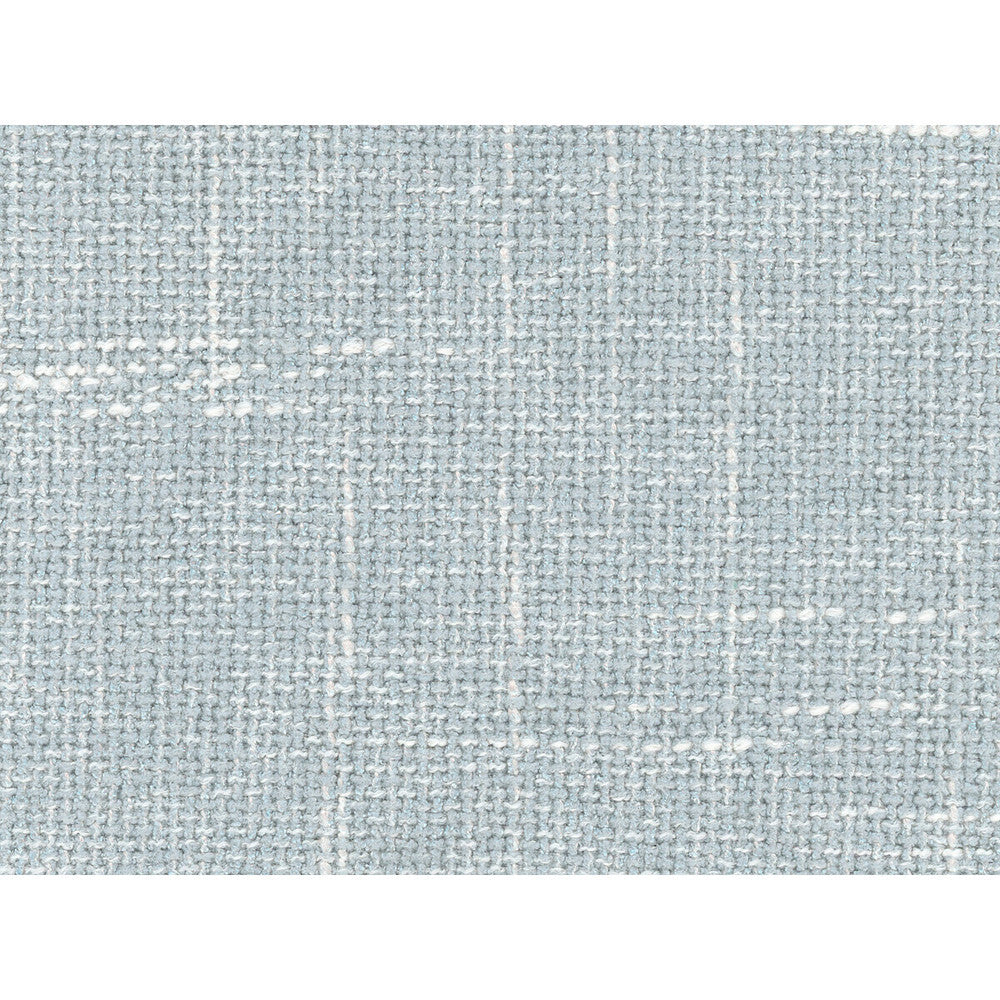Sant Elm Ciel by Kravet Design Fabric Kravet Design Fabric Sant Elm CielFabric ALEXA HAMPTON MALLORCA POLYESTER - 80%;VISCOSE - 20% China </p><p>Repeat: H: , V: 56 - Fabric Carolina -
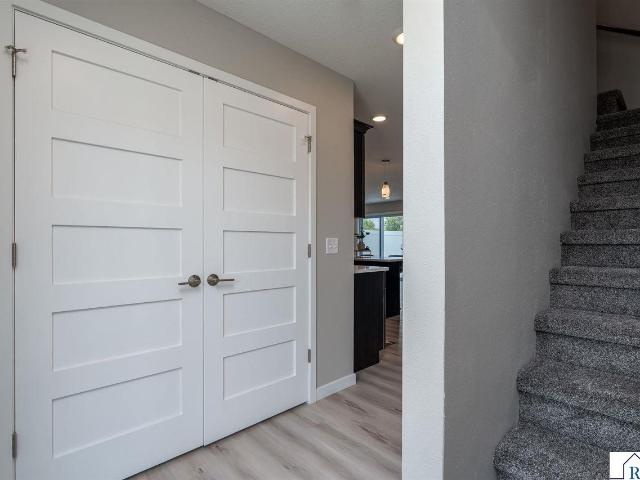 3121 Scotch Lane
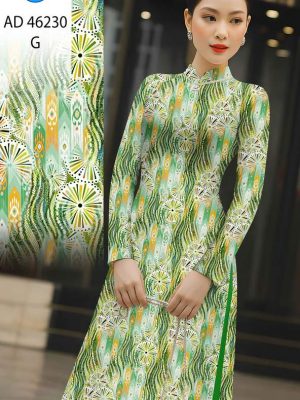 Vải Áo Dài Hoa Văn AD 46230 29 1777537800 962 vai ao dai hoa van ad 46230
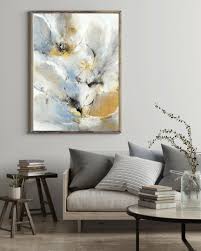 Watercolor landscape painting, living room wall art, mountains evergreen trees, bedroom wall decor, horizontal wall art, home decor gift susanfernart 5 out of 5 stars (3,890) sale price $7.20 $ 7.20 $ 9.00 original price $9.00 (20% off. How To Choose The Best Substrate For Your Art Print Thirdandwall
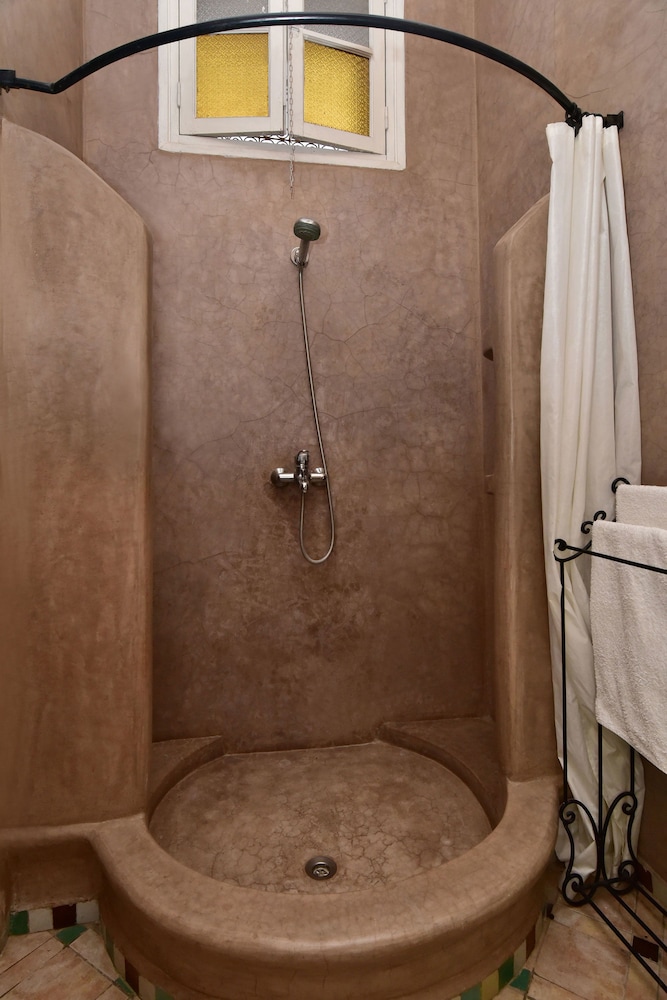 Riad Manissa Ex Dar Manissa 48/50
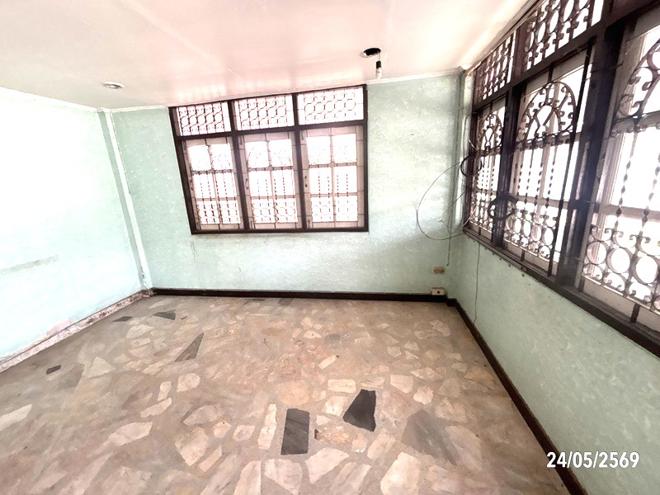 picture HOME 69 Sq.w. Muang Nakhon Ratchasima Nakhon Ratchasima for 2.2M - 5/41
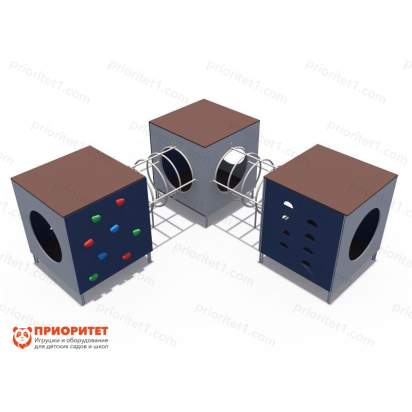 Игровая форма Кубы 1_1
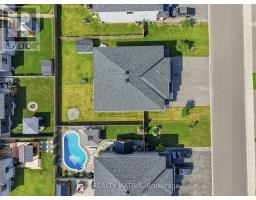 308 Belfort Street, Russell, ON K0A1W0 Photo 37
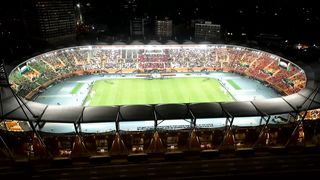HIGHLIGHTS _ South Africa -- DR Congo _ _TotalEnergiesAFCON2023 - 3rd Place(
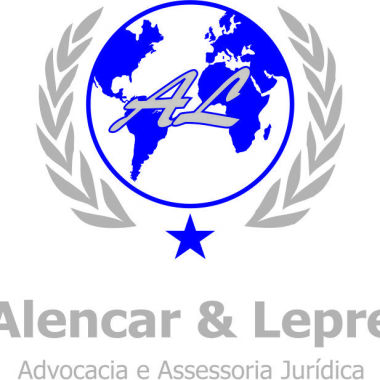 Alencar & Lepre Advocacia E Assessoria Jurídica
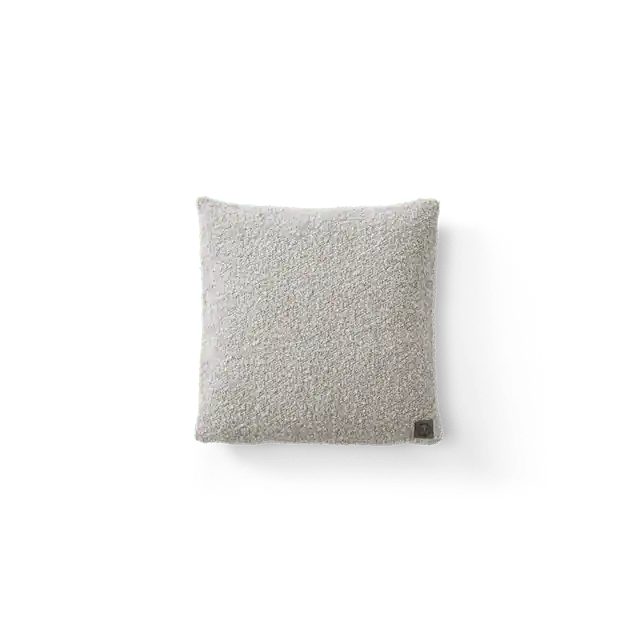 Kampanjpris Collect Kudde SC28 Cloud/Soft Bouclé 50x50 Cm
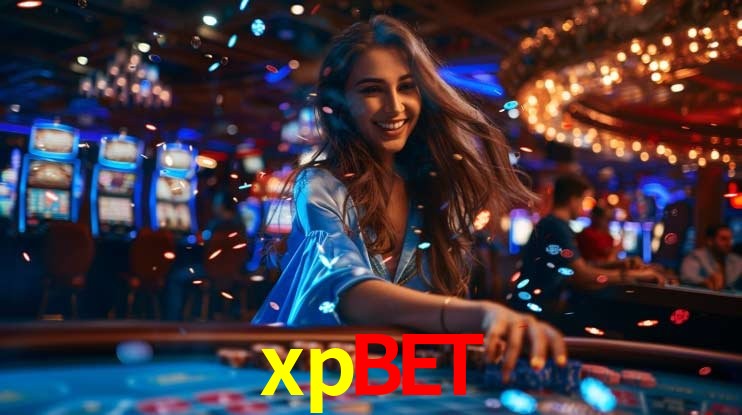 Sports Statistics xpbet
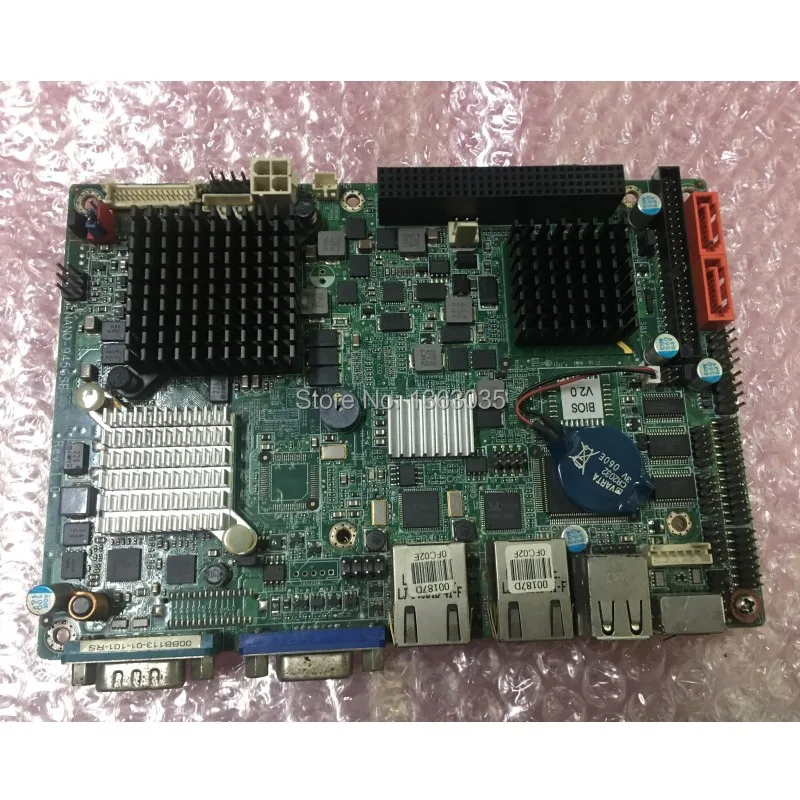 NANO-945GSE  3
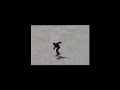Clip snow eta eski candanchu -n
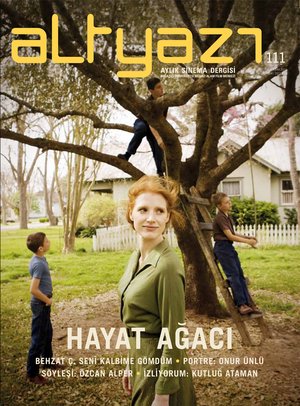 Altyazi_Dergisi_77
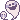 Purple Pixels Recolors! Like/reblog If Using!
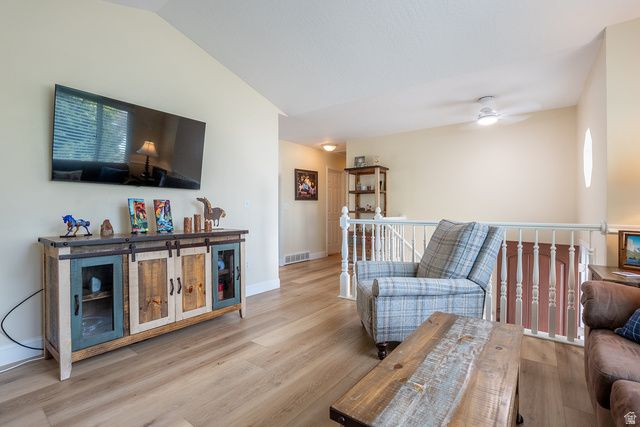 4375 W 1550 S, Syracuse, UT 84075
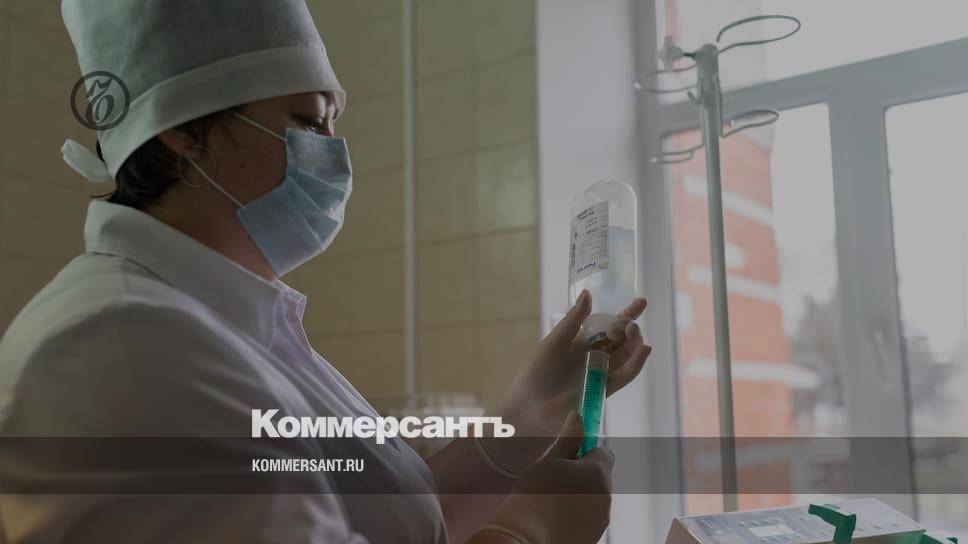 Приехавшую из Италии жительницу Воронежа проверят на коронавирус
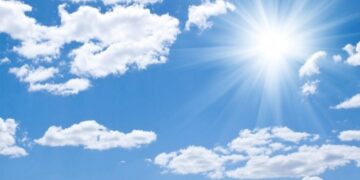 Hava XƏBƏRDARLIĞI: Yanvarın 13-dən… – PROQNOZ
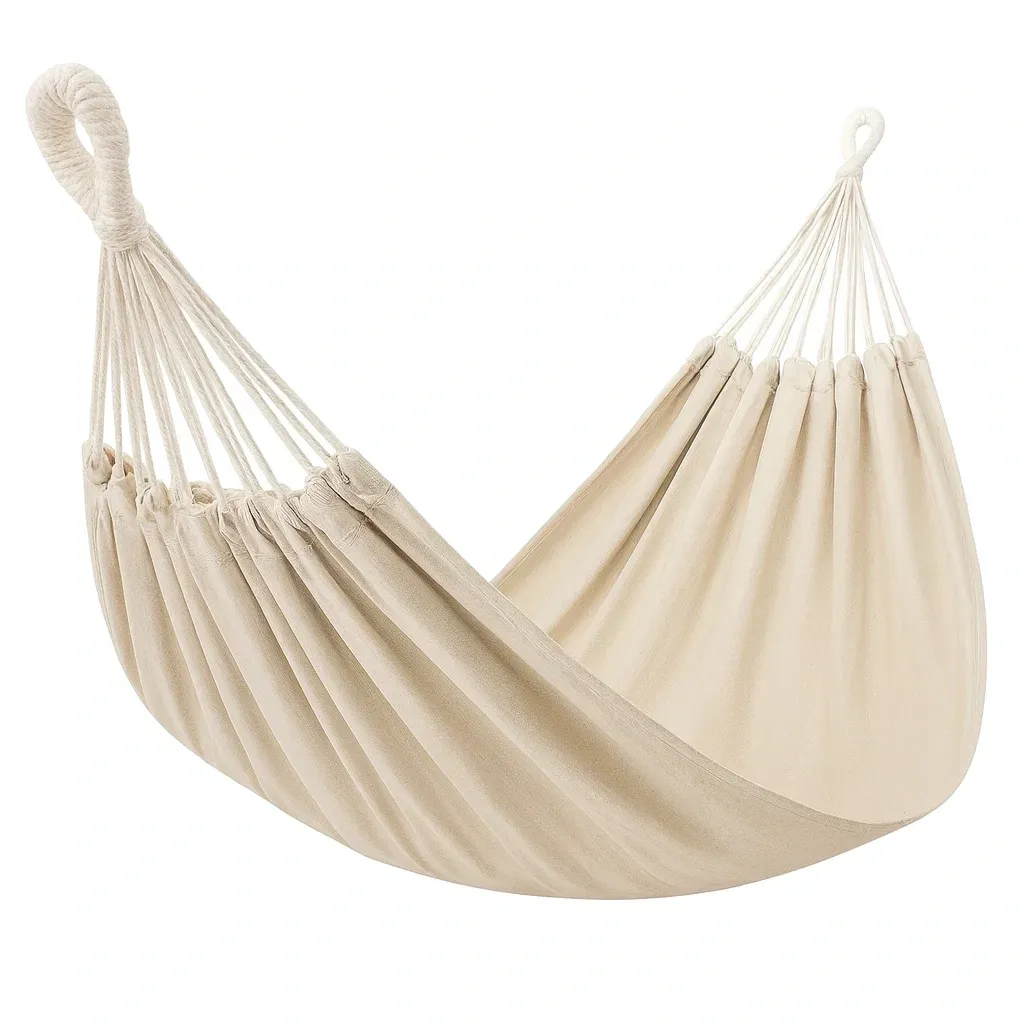 Mobilier de jardin,Hamac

○ ○ ○

* WHAT YOU NEED TO DO *
Leave out every picture and copy verbatim the lines running from the line containing "Purple Pixels Recolors!" through the final line of the data.

* OUTPUT OF THE EXERCISE *
 Purple Pixels Recolors! Like/reblog If Using!
 4375 W 1550 S, Syracuse, UT 84075
 Приехавшую из Италии жительницу Воронежа проверят на коронавирус
 Hava XƏBƏRDARLIĞI: Yanvarın 13-dən… – PROQNOZ
 Mobilier de jardin,Hamac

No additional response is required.